Re: TableInputFormat configuration problems with 0.90

Posted by Dan Harvey <da...@gmail.com>.
Ah ok, most of the time we were using the default Hadoop configuration object and not the HBase one.

I guess that's a change between 0.20 and 0.90? Would it not make sense for the TableMapReduceUtil class to do that for you? As you'll need it in every HBase map reduce job.

Anyway, I guess we should just change our job configs to include the HBase configuration too then it would work fine.

Thanks,

On 23 Feb 2011, at 19:44, Jean-Daniel Cryans <jd...@apache.org> wrote:

> How do you create the configuration object Dan? Are you doing:
> 
> Configuration conf = HBaseConfiguration.create();
> Job job = new Job(conf, "somename");
> 
> or are you just creating a normal Configuration?
> 
> BTW the code I wrote is what I expect people do and what I'm doing myself.
> 
> J-D
> 
> On Wed, Feb 23, 2011 at 7:19 AM, Dan <da...@gmail.com> wrote:
>> Or the other way would be adding the HBase configs to the Hadoop config,
>> which I think maybe what is intended.
>> 
>> If I do it whilst I'm setting up the job
>> with HBaseConfiguration.addHbaseResources() it works fine, should
>> the TableMapReduceUtil.initTableMapperJob do this for you?
>> 
>> I think this was the change that remove the old HBaseConfiguration from
>> being used https://issues.apache.org/jira/browse/HBASE-2036, but no other
>> way to add the HBase configs for a TableInputFormat seems to have been
>> added?
>> 
>> Sorry if I'm completely missing something here!
>> 
>> On Wed, Feb 23, 2011 at 1:57 PM, Dan <da...@gmail.com> wrote:
>> 
>>> Hey,
>>> 
>>> I'm just testing our code to move over to 0.90 and I'm finding some issues
>>> with the map/reduce jobs we've written using TableInputFormat.
>>> 
>>> We setup the jobs using TableMapReduceUtil.initTableMapperJob(..); which
>>> worked fine in 0.20.6 but now throws the following errors when I try to run
>>> them :-
>>> 
>>> 11/02/23 12:38:44 ERROR zookeeper.ZKConfig: no clientPort found in zoo.cfg
>>> 11/02/23 12:38:44 ERROR mapreduce.TableInputFormat:
>>> org.apache.hadoop.hbase.ZooKeeperConnectionException: java.io.IOException:
>>> Unable to determine ZooKeeper ensemble
>>> ...
>>> Exception in thread "main" java.io.IOException: No table was provided.
>>> at
>>> org.apache.hadoop.hbase.mapreduce.TableInputFormatBase.getSplits(TableInputFormatBase.java:130)
>>> ...
>>> 
>>> Which I think basically means it can't find the quorum/port for zookeeper
>>> in the hbase configuration object from the hbase-*.xml files.
>>> Looking into this a bit further it seems the TableInputFormat's setConf()
>>> method creates the HTable using the Hadoop configuration object which
>>> doesn't contain any of the HBase configuration...
>>> 
>>> So am I setting the job up incorrectly?
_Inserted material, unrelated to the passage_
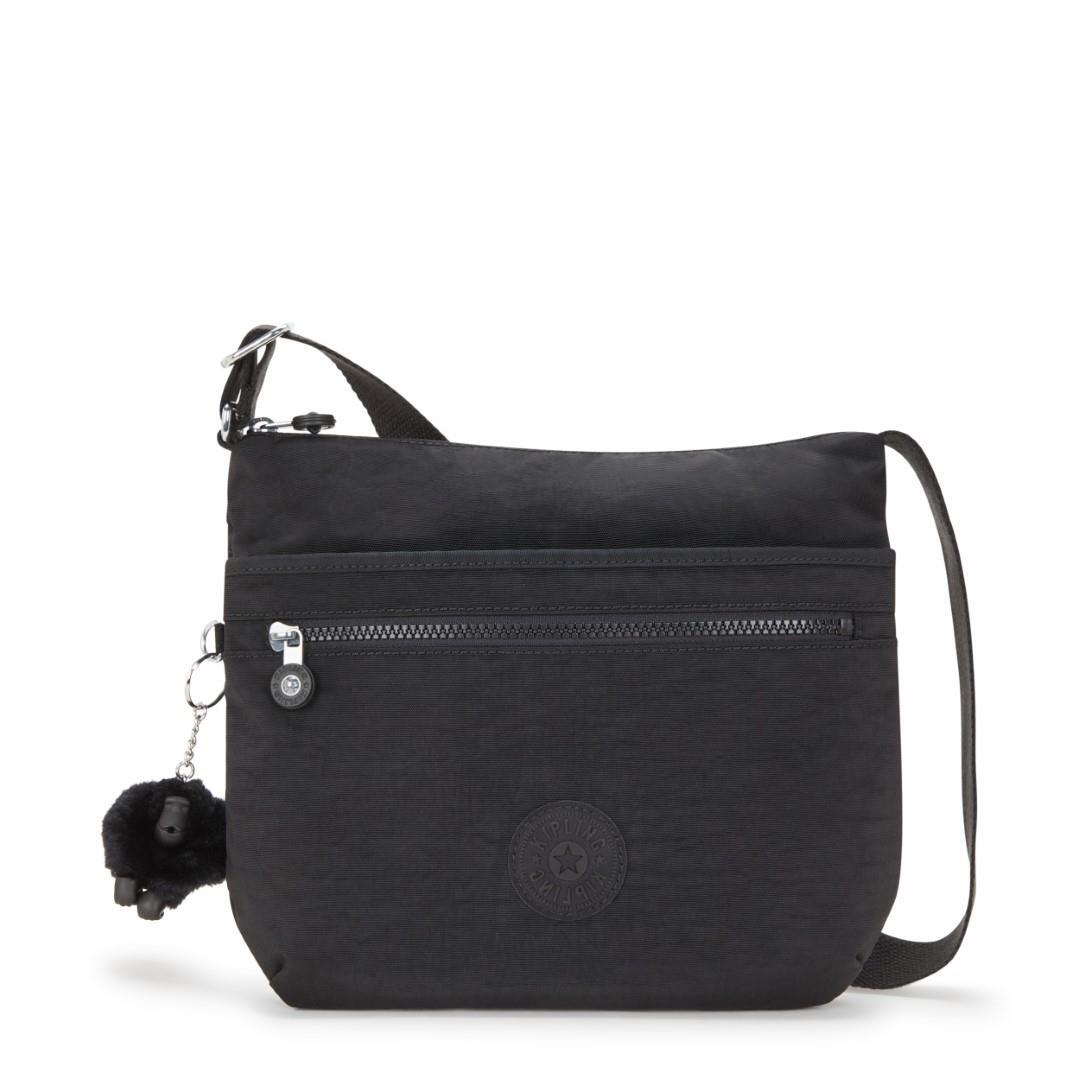 KIPLING Handtaschen Rv Arto Black Noir bagmondo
If not it doesn't seem to make
>>> sense to me that the HTable should be constructed with the hadoop
>>> configuration so I guess there might be a bug in the TableInputFormat.
>>> Modifying it to not take the hadoop configuration object allows the job to
>>> work correctly and picks up the hbase configuration I've put on the class
>>> path, https://gist.github.com/840403. If that's the case I'll file a bug
>>> report and add the patch.
>>> 
>>> Thanks,
>>> 
>> 

Re: TableInputFormat configuration problems with 0.90

Posted by Jean-Daniel Cryans <jd...@apache.org>.
How do you create the configuration object Dan? Are you doing:

Configuration conf = HBaseConfiguration.create();
Job job = new Job(conf, "somename");

or are you just creating a normal Configuration?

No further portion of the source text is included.